Louise Meuwissen is a Melbourne based artist working in textiles, embroidery, sculpture and installation. Her practice utilises discarded objects linked to material and consumer culture to create intricate, ugly works. Imagine the anthromophic sculptural love child of Bob Mackie and Yayoi Kusama and you're getting close to the kind of magic she creates. Meuwissen is very busy this year at Craft Cubed, presenting works under multiple guises in multiple venues including Parasite at Docklands Library, Craft Hatch Open Studios, Slash Panache with Milo Gluth (Slash Panache - Stitch Glitch, online, and Slash Panache - Gallaop Wallop at Lord Coconut), In Common with Bianca Mavrick, at Guild of Objects, and Complete Me at Junior Space with Annie Gobel. We managed to hold her still long enough to find out a little more about her practice, dream collaborations and what the handmade means to her. 

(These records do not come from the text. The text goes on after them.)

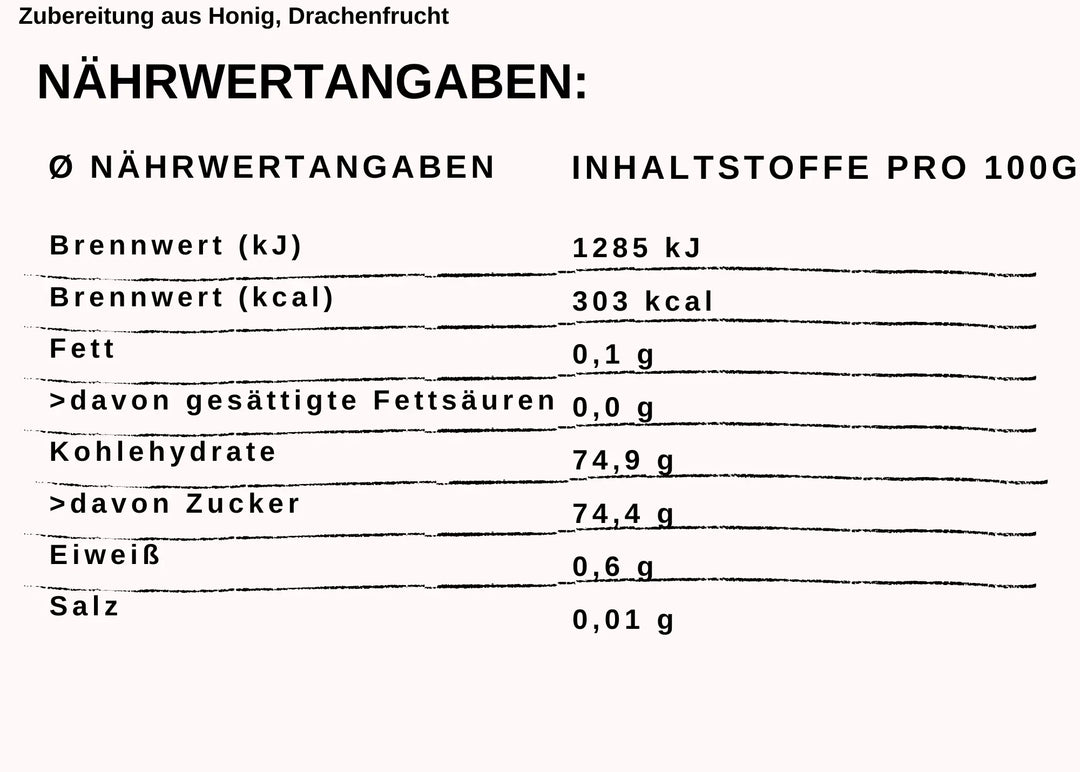 Drachenfrucht Nährwerte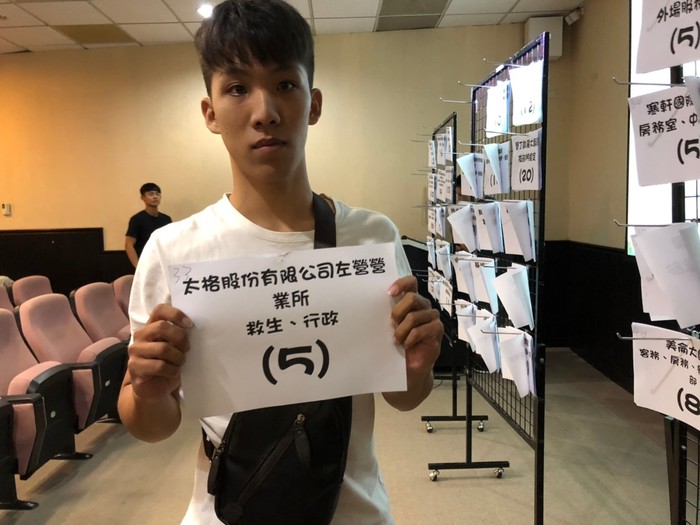 圖片說明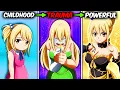 Lucy Heartfilia - The COMPLETE Character Analysis Of Fairy Tail s Heroine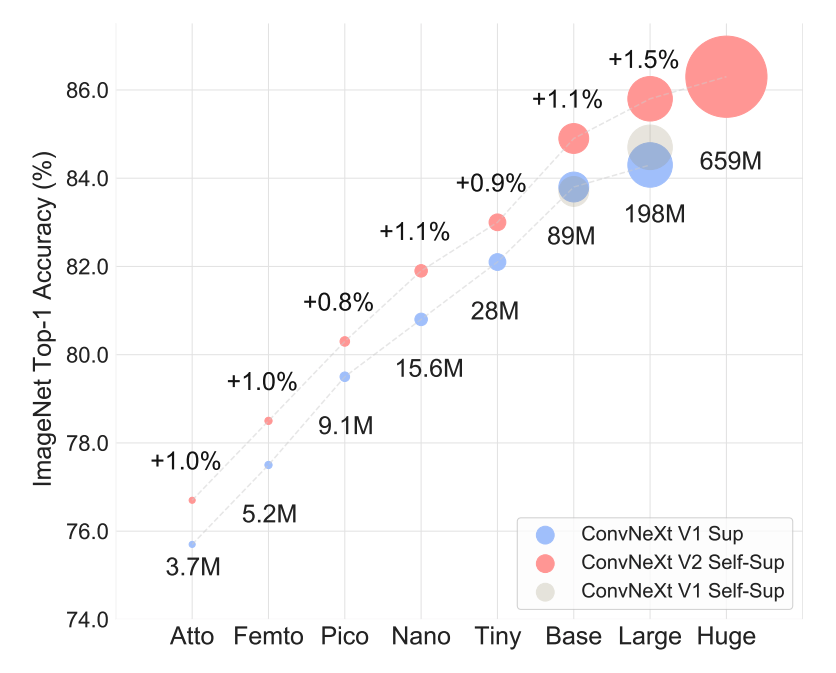 dair_ai's tweet photo. Top ML Papers of the Week (Jan 1-8):

- Muse (new text-to-image generation/editing model)
- Rethinking with retrieval
- Pruning LLMs in one-shot
- ConvNeXt V2
- LLMs for corporate lobbying-related activities
- StitchNet
- VALL-E
…

1 of 11 https://t.co/XAAQrFN6ma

What’s the significance of the handmade to you?

To me the handmade signifies intrinsic elements of being human. It signifies innovation, adaption, skill, creativity, imagination, thoughtfulness, labour, beauty, love and connection across time and space. It is an integral part of my practice as an artist, and important to me in my day to day.

How would you describe your craft community?

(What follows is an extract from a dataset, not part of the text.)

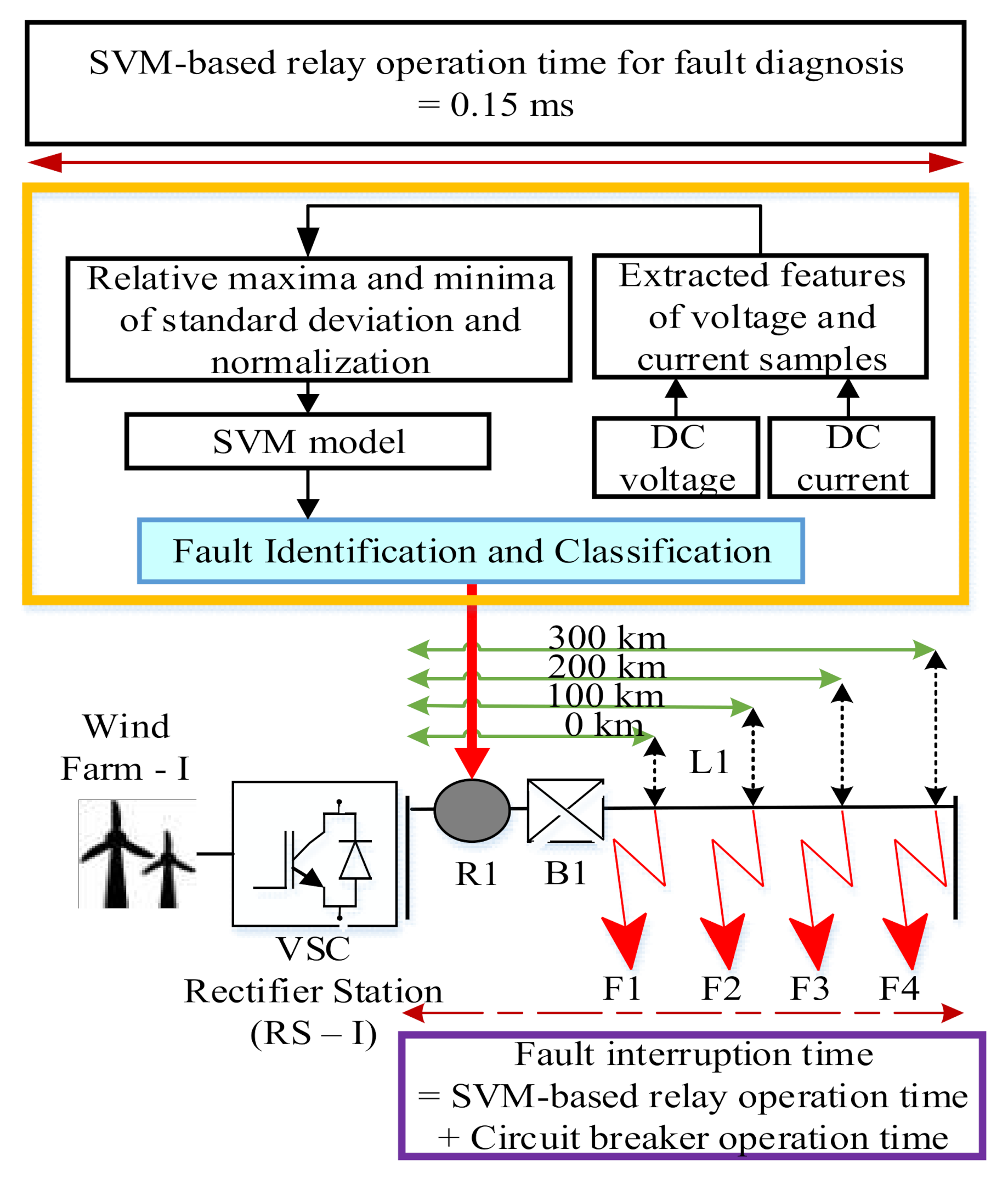 Energies 13 06668 g034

Warm, welcoming and wonderful. An incredible group of talented and thoughtful, innovative, dedicated practitioners.

What is your earliest craft memory?

All sort of smooshed into one are:
Making cubbies from tree fern fronds. 
Making magic wands from cardboard and skewers. 
Learning that certain cushions weren’t for sitting on because they were very special and had taken my Mum’S Oma hundreds and hundreds of hours to make. 
That there is a difference between plastic, glass and crystal drinking cups.
Being in trouble for not sticking to the designated ‘making cupboard’ and raiding my mum’s special sewing materials. 
I suppose that pretty early on I learnt respect for the inherent preciousness of objects made with thought and love. I can remember having a lot of admiration for adults around me that could make something out of what seemed like nothing.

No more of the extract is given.